Dans ce verset et les suivants, les images sont accumulées pour peindre la ruine des impies. — Le premier membre pourrait se traduire aussi : « Qu’il s’écoulent comme des eaux qui s’en vont. » — Dans les anciennes versions le premier verbe du second hémistiche est rapporté à Dieu, et on traduit : « il décoche ses flèches, jusqu’à ce qu’ils soient brisés. » Il est vrai que ce verbe est au singulier ; néanmoins il vaut mieux, avec le rabbin Kimchi et la plupart des commentateurs modernes, le rapporter aux méchants. On sait que les poètes passent fréquemment du pluriel au singulier, et la traduction que l’on obtient ainsi s’accorde mieux avec l’ensemble de ce morceau, dans lequel le psalmiste s’applique à faire ressortir la vanité des entreprises des méchants ; elle est aussi plus conforme au sens ordinaire du mot hébreu que nous rendons par comme.
Verset 9. Que, pareils à la limace, ils aillent se fondant, comme l’avorton d’une femme qui n’a pas vu le soleil!
« Il pourrait sembler ridicule de comparer ces géants à des limaces. Mais David donne gloire à Dieu en lui attribuant le pouvoir de détruire en un instant et sans difficulté ce que le monde juge insurmontable.

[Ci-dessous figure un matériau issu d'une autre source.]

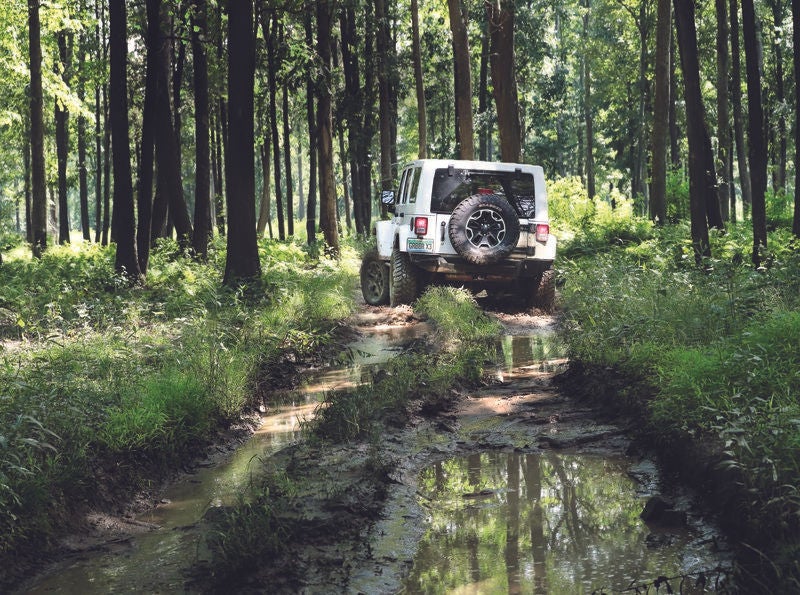 Jeep in Mud 1 .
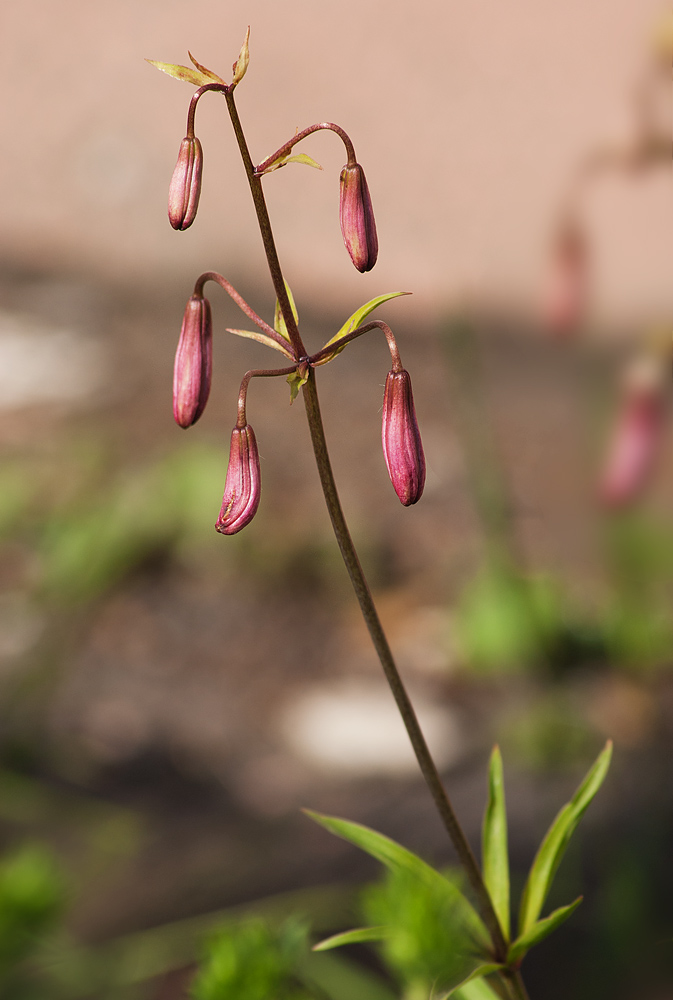 Image of Lilium pilosiusculum specimen.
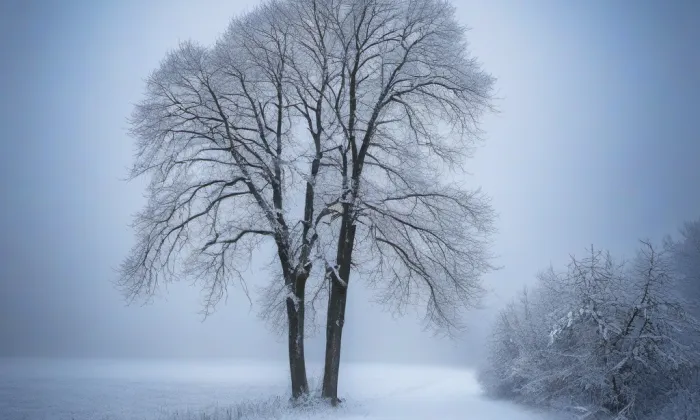 Kostel svatého Augustina (Sovinec) – winter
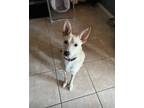 Adopt Harley a Tan/Yellow/Fawn Carolina Dog / Labrador Retriever / Mixed dog in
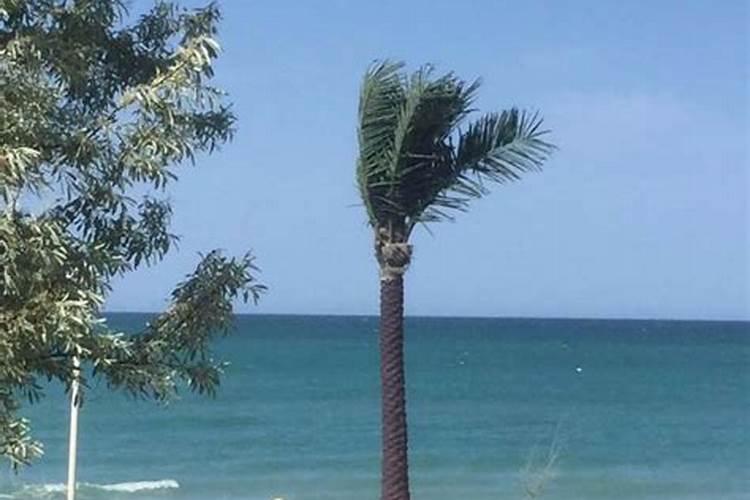 海藻树如何养护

Contemplant les jugements de Dieu avec les yeux de la foi, il est assuré que ces forces sur lesquelles les méchants s’appuient, pour se promettre un avenir de dix siècles, peuvent être anéanties très promptement » (Calvin).

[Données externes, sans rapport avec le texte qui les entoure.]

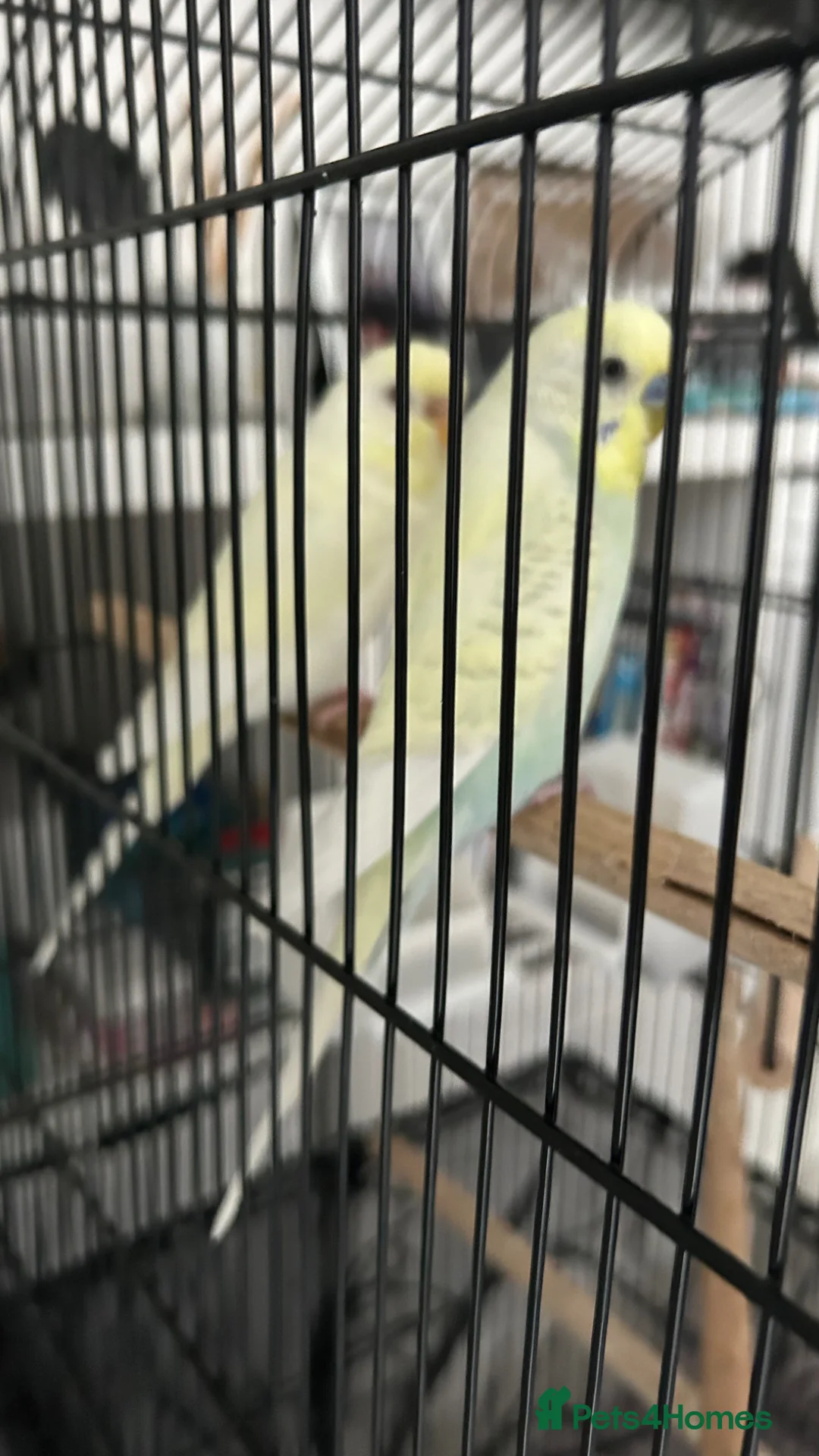 Budgerigars birds for sale: Boy & Girl + Everything else  in London - Advert 6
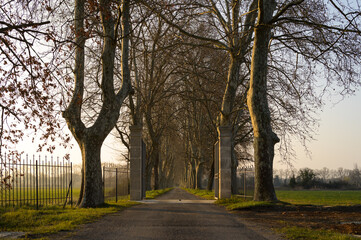 Gate and road with plane trees in France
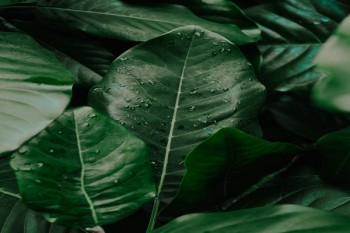 人保壽險關愛百萬醫(yī)療保險怎么樣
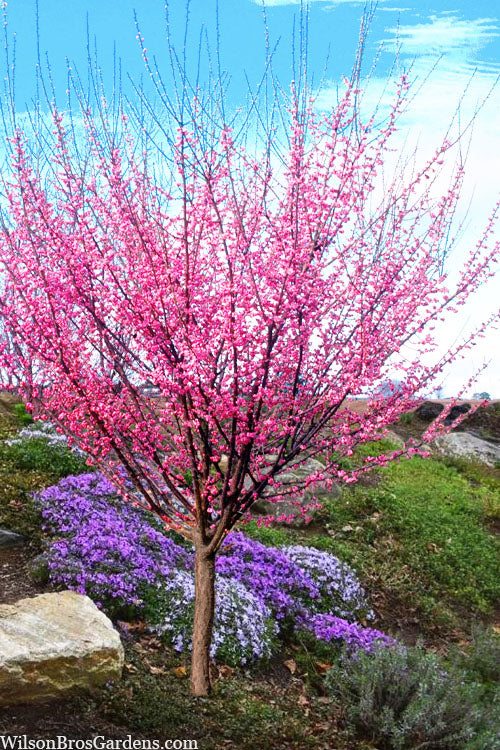  Peggy Clarke Flowering Apricot Tree - 7 Gallon Pot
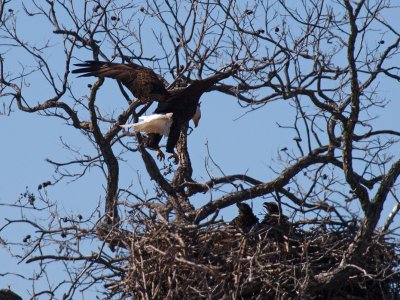 P1248011 - Mom Returns Empty Handed.jpg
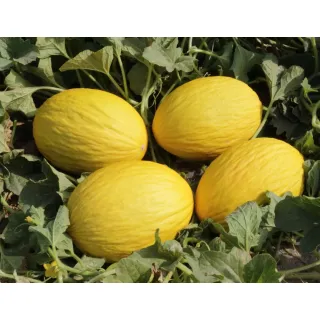 Compra MELÓN PISCO F1 (1.000 Semillas). en la tienda online Fito Agrícola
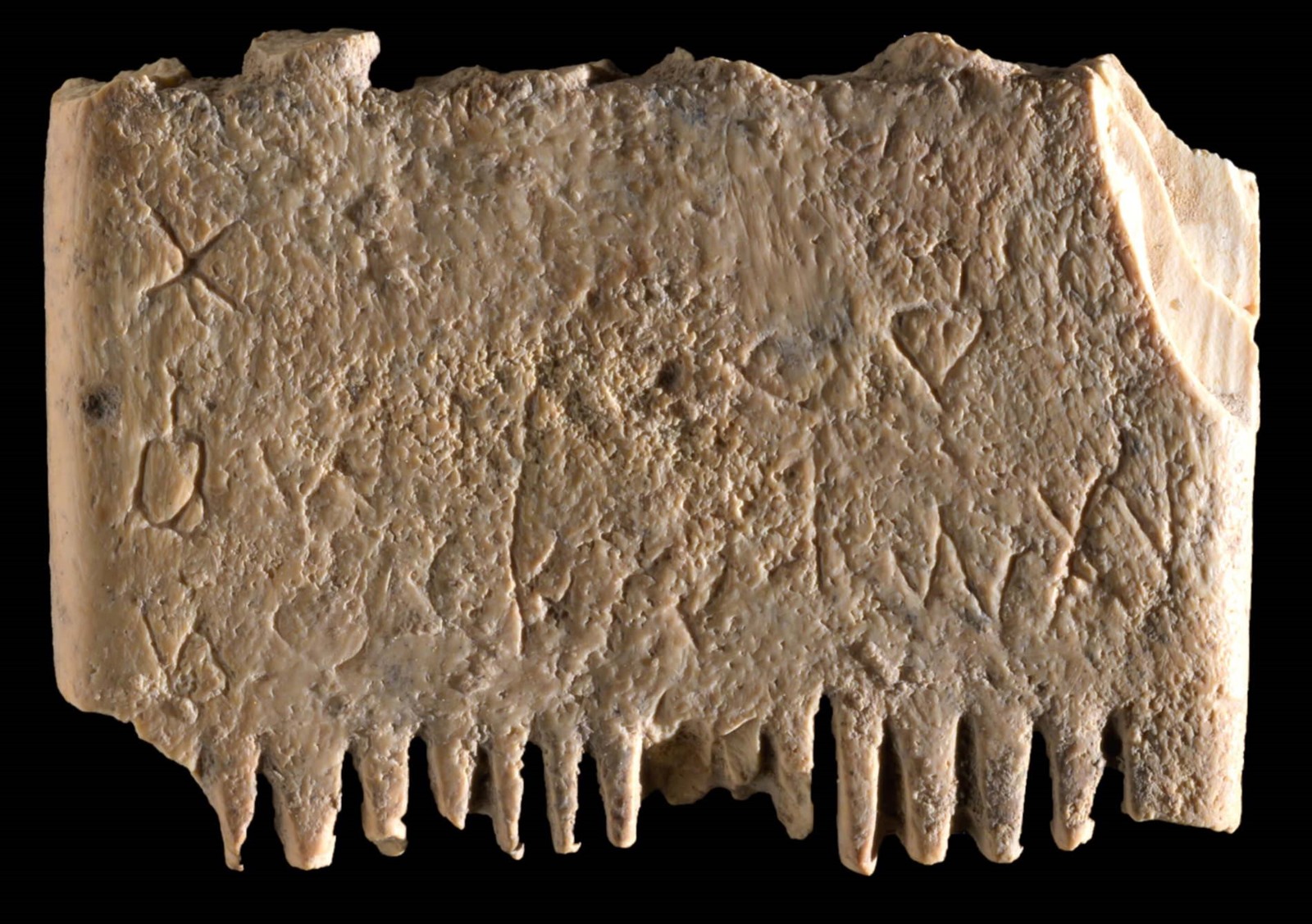 Peigne en ivoire contre les poux, avec une inscriptin en cananéen, à Lachich en Isra&eulml;, vieux de 3 700 ans.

Verset 10. Qu’avant que vos chaudières aient senti le nerprun, tant vert qu’enflammé, la tempête l’emporte.
On peut dire de ce verset avec Calvin : « L’intention du prophète n’est nullement douteuse ; il veut représenter la promptitude de la vengeance. » Mais si le sens général de ces paroles n’est pas difficile à déterminer, on ne peut en dire autant de quelques-uns des termes qui en font partie ; aussi les traducteurs sont-ils fort divisés. La traduction que nous donnons est celle qui est préférée par Calvin, Hengstenberg et la plupart des commentateurs modernes. Ils pensent que le psalmiste compare les méchants et leurs entreprises à des voyageurs qui, ayant fait les préparatifs d’un repas au milieu du désert, les voient subitement enlevés par une tourmente. On peut aussi justifier jusqu’à un certain point la traduction d’Abenesra : « Avant que les hommes s’en aperçoivent, vos épines deviendront un buisson, lequel, quoique vivant, Dieu enlèvera dans sa fureur. »[1] — Le nerprun, buisson épineux, qui s’employait comme combustible.
Verset 11. Le juste se réjouira en contemplant la vengeance, il baignera ses pieds dans le sang du méchant.
Nous avons déjà expliqué à l’occasion de passages semblables que la joie, que les fidèles peuvent éprouver en voyant le châtiment des méchants, ne vient pas d’un désir de vengeance, mais du zèle pour la gloire de Dieu. Comp. Ps 52.8 ; Ap 15.3-4. — L’expression « laver ses pieds dans le sang » annonce des jugements terribles. Comp. Ap 14.20.
Verset 12. Et l’on dira : Il y a pourtant un fruit pour le juste, il y a pourtant un Dieu qui juge sur la terre.
Comp. Es 3.10. — « La particule pourtant est destinée à repousser les doutes que pourrait nous suggérer la longue patience de Dieu » (Calvin). — Il est à remarquer que le verbe qui se trouve après le mot Dieu est au pluriel en hébreu. Dans ce cas et quelques autres semblables qui se rencontrent dans l’Ancien Testament, plusieurs commentateurs croient que l’Esprit saint a voulu enseigner la doctrine de la Trinité.
Pasteur Armand de Mestral, Commentaire sur le livre des Psaumes, p. 376-380
[1] D’après notre traduction, c’est le nerprun qui est emporté par la tempête, qu’il soit encore vert ou déjà enflammé. Mais il pourrait aussi être question de la viande, et on pourrait traduire : tant crue que brûlante, la tempête l’emporte.